FC 3E5
- Pietro Calore
- 27 set 2020
- Tempo di lettura: 2 min
Aggiornamento: 2 gen 2021
Dentro sé e al contempo davanti a sé, sotto la forma di quella sofferenza profonda, percepiva e capiva l’immenso peso della sua colpa: ne esperiva l’entità e ne comprendeva la natura, la collocazione, in un certo senso, nell’ordine del mondo… Un’esperienza impossibile da dire, da pensare in modo discorsivo, pur essendogli perfettamente trasparente, in una sorta di chiara e distinta intuizione. Era come vedere un umbratile bagliore promanarsi nello spazio a partire da sua madre, mentre annebbiava un’eterea luminescenza che altrimenti lo pervadeva. Questo bagliore sembrava richiamargli l’immagine di sua madre, come disegnata, grigia anch’essa, piegata su di sé, con le braccia strette al petto in una condizione di miserevole prostrazione. Era colpa sua se lei si trovava in quella condizione: questo più di tutto gli era chiaro, assieme al fatto di meritarsi completamente quel dolore. Si ricordò allora di aver risposto a malo modo anche a sua madre quella sera. Più si avvicinava a quel momento nello scorrere contrario della sua vita e più gemendo implorava se stesso di non farlo, di fermarsi, di riflettere. Ma per quanto si sforzasse non aveva modo di impedirlo.

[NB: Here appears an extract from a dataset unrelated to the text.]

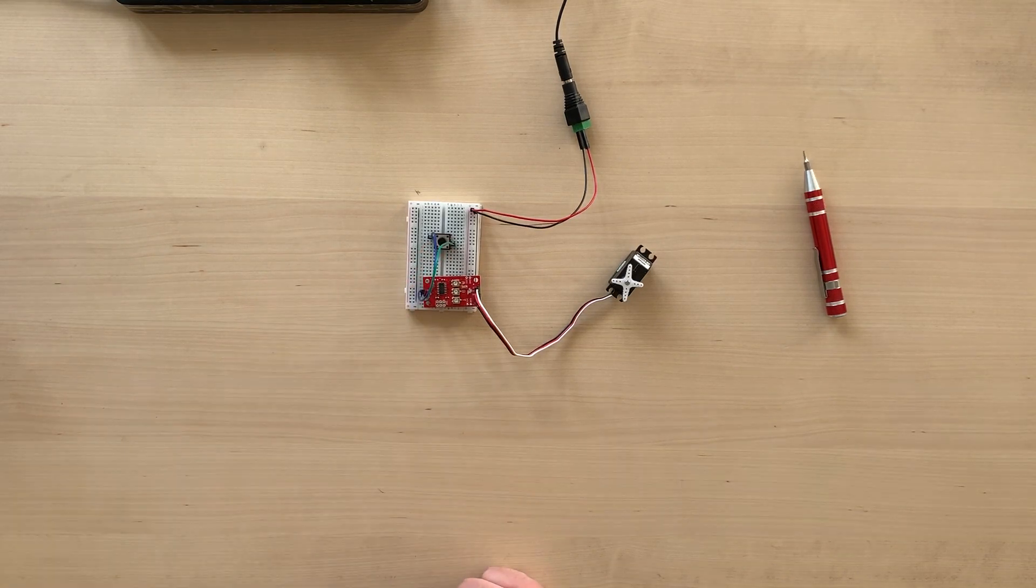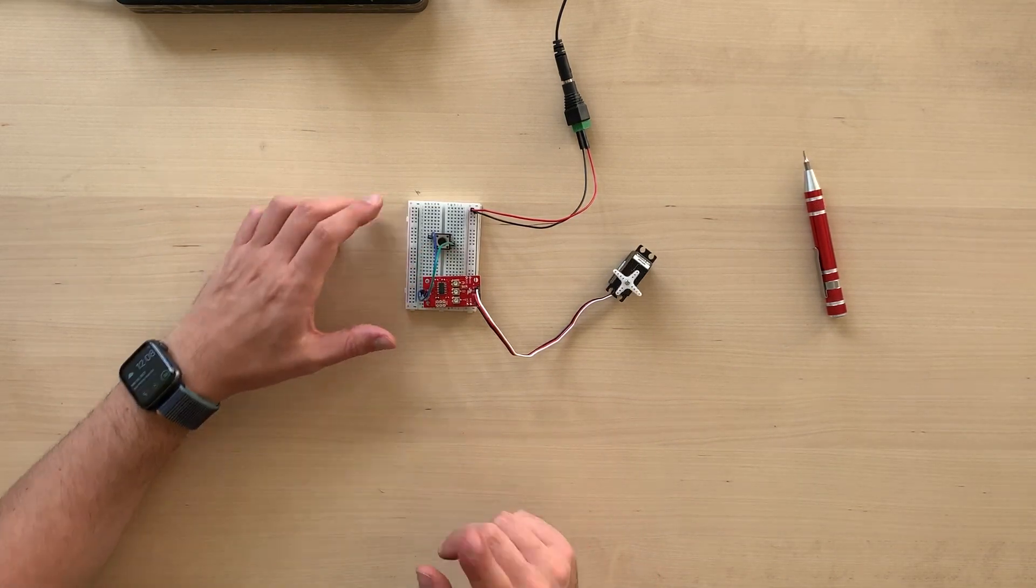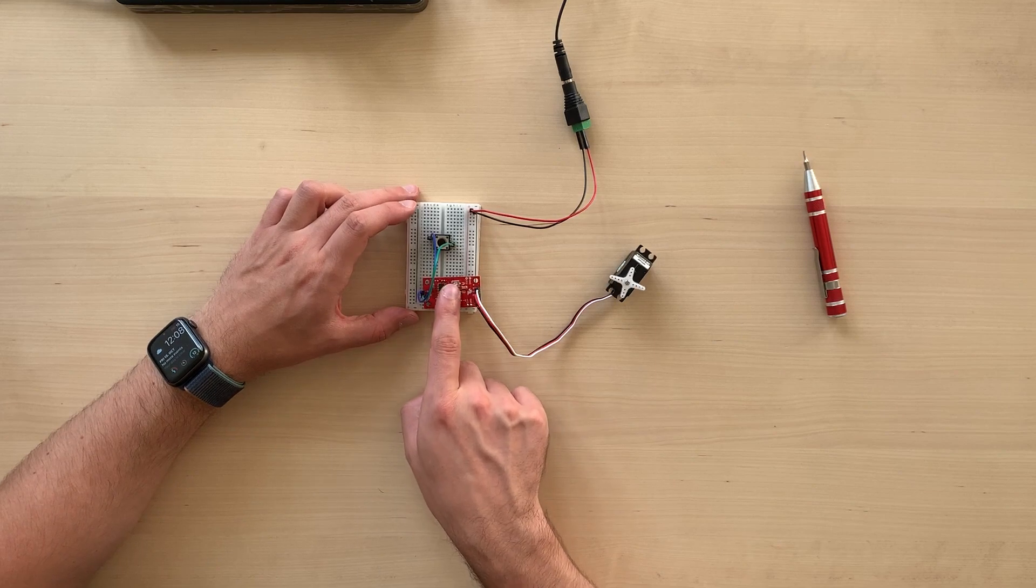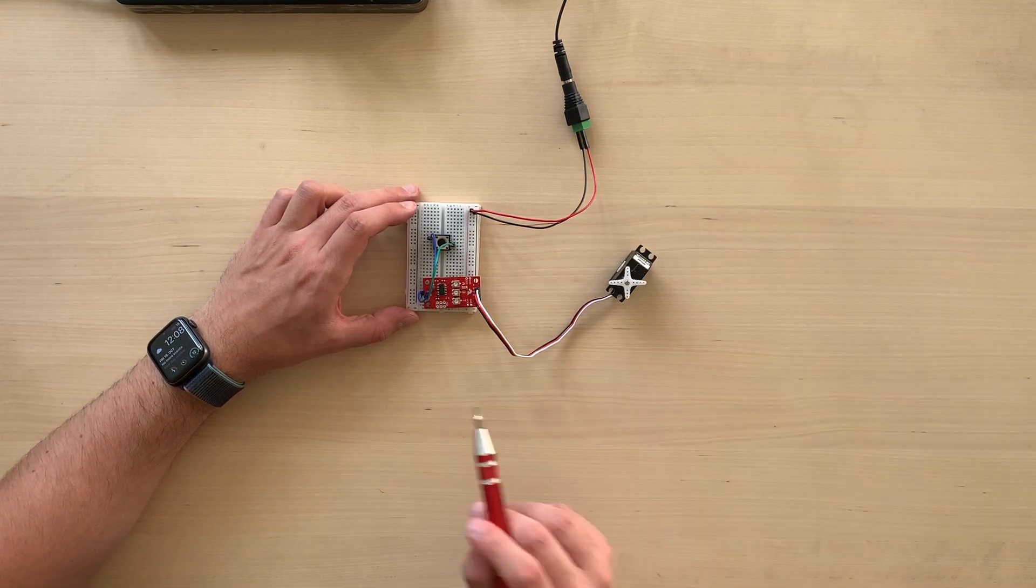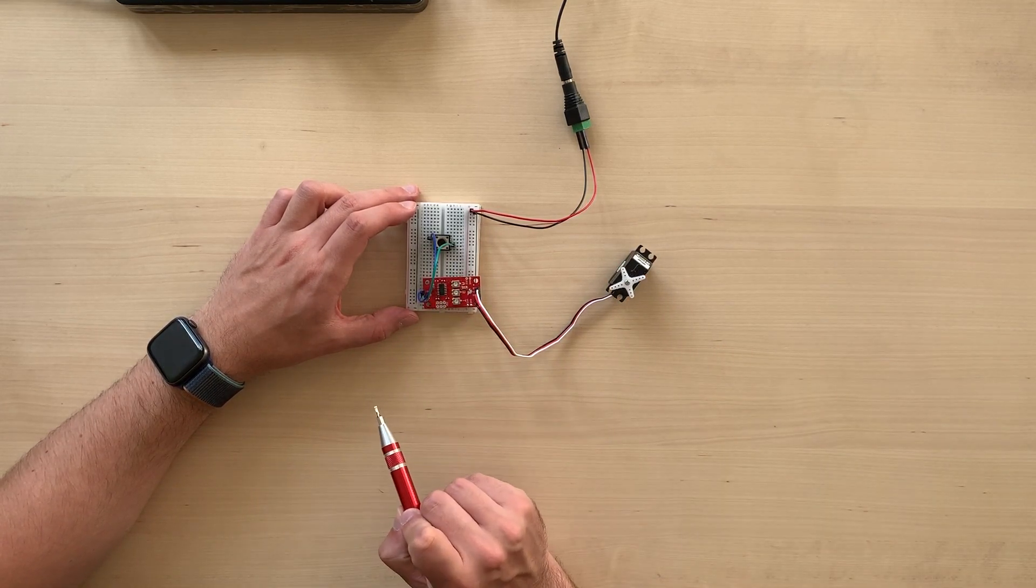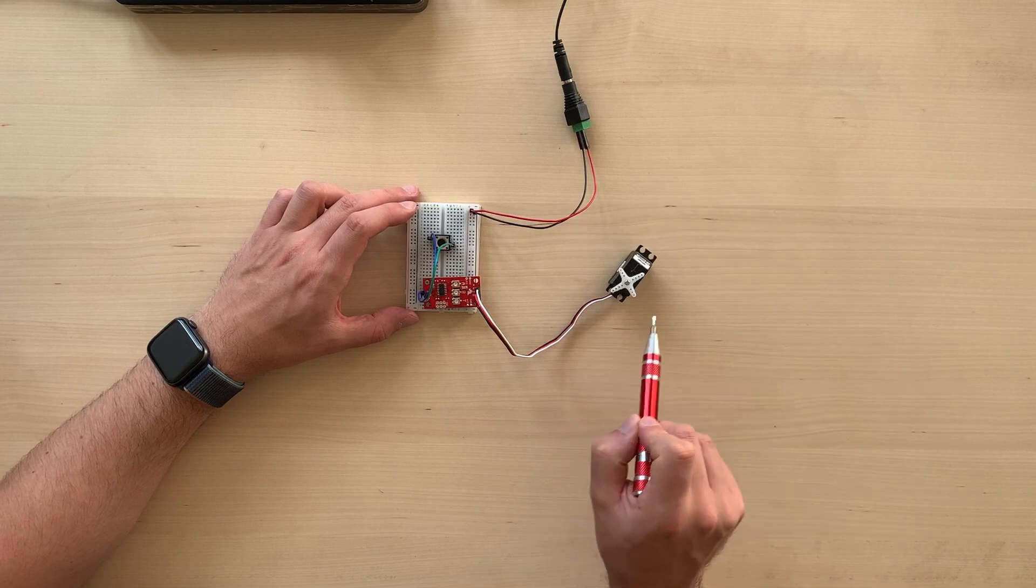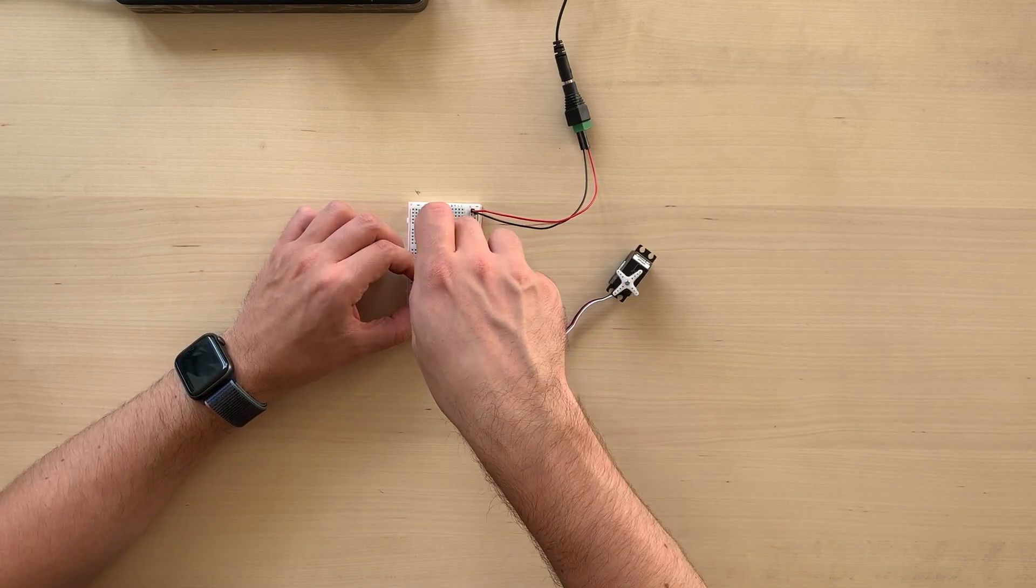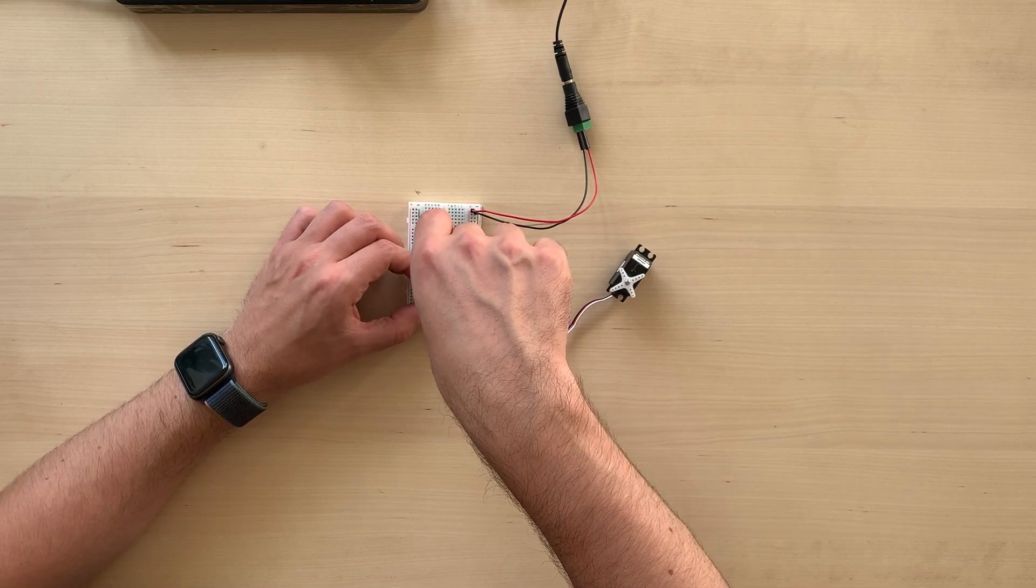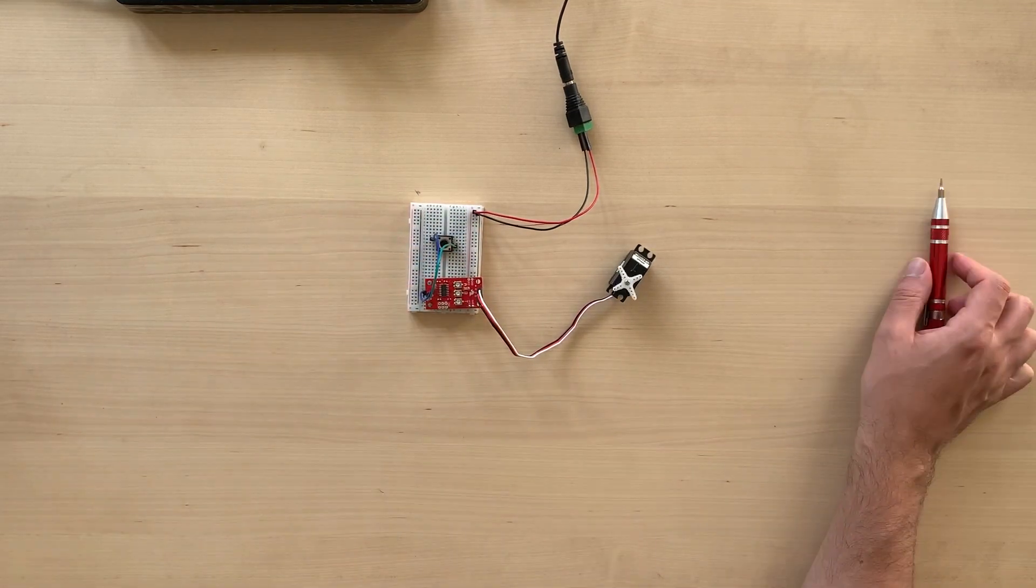One important thing that you can also play with are the A and B knobs on the servo trigger. And these are called potentiometers. And you can actually use the little pen screwdriver to play around with speed and with the orientation.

La giornata retrocedette in un continuo di vertici più o meno acuti di dolore. Scoprì il male insito in molti aspetti della sua vita, lo comprese, lo vide tramite questo nuovo senso, questa sorta di occhio interiore: un ammontare di egoismi, di viltà, di meschinità, di volgarità. Si divertiva lui, a bestemmiare coi suoi amici mentre passeggiava in centro città, credendo di illuminare il mondo con la sua arguzia e la sua bellezza bohémien. Quanta oscurità, invece, diffondeva attorno a sé! Quante persone perfettamente sconosciute trascinava in tal modo in un buio ancora più profondo di quello che già si erano procurate da sole. Che luce, invece, si promanava dalle Chiese e da certe persone che, solitamente, quando passava loro accanto per strada, ignorava, se non per deriderle. Ora avrebbe voluto entrarvi o abbracciarle giusto per liberarsi un poco da quel buio atroce che lo affliggeva come soffocandolo nel dolore, e così liberare coloro che per colpa sua soffrivano già più di quanto fosse loro destinato… ma non poteva. Non poteva! Avrebbe almeno voluto scappare da quella compagnia, che innescava quel circolo vizioso di dolore alimentando le sue vanità. Di che rideva ̶ si ripeteva affannato ̶ per quei racconti osceni che si facevano tra loro?! Di che si compiaceva per quei pensieri voluttuosi che l’un l’altro si divertivano a stuzzicare?! Loro… Uomini vissuti!
Ogni nuovo dolore indicava il sopraggiungere di una colpa che poi inesorabile gli si delineava davanti con ineffabile chiarezza: nessuna lo risparmiava né si mischiava con le altre, il che aveva dell’incredibile per la quantità e la qualità con cui si rincorrevano e si assommavano. Se avesse mai provato tanto dolore nella vita normale ne sarebbe morto. E certamente, seppure in quello stato disincarnato, alla lunga la sua fine spirituale non sarebbe stata molto diversa da quella di un corpo agonizzante che il perdurare della sensibilità condanni a fare esperienza della propria stessa putrefazione.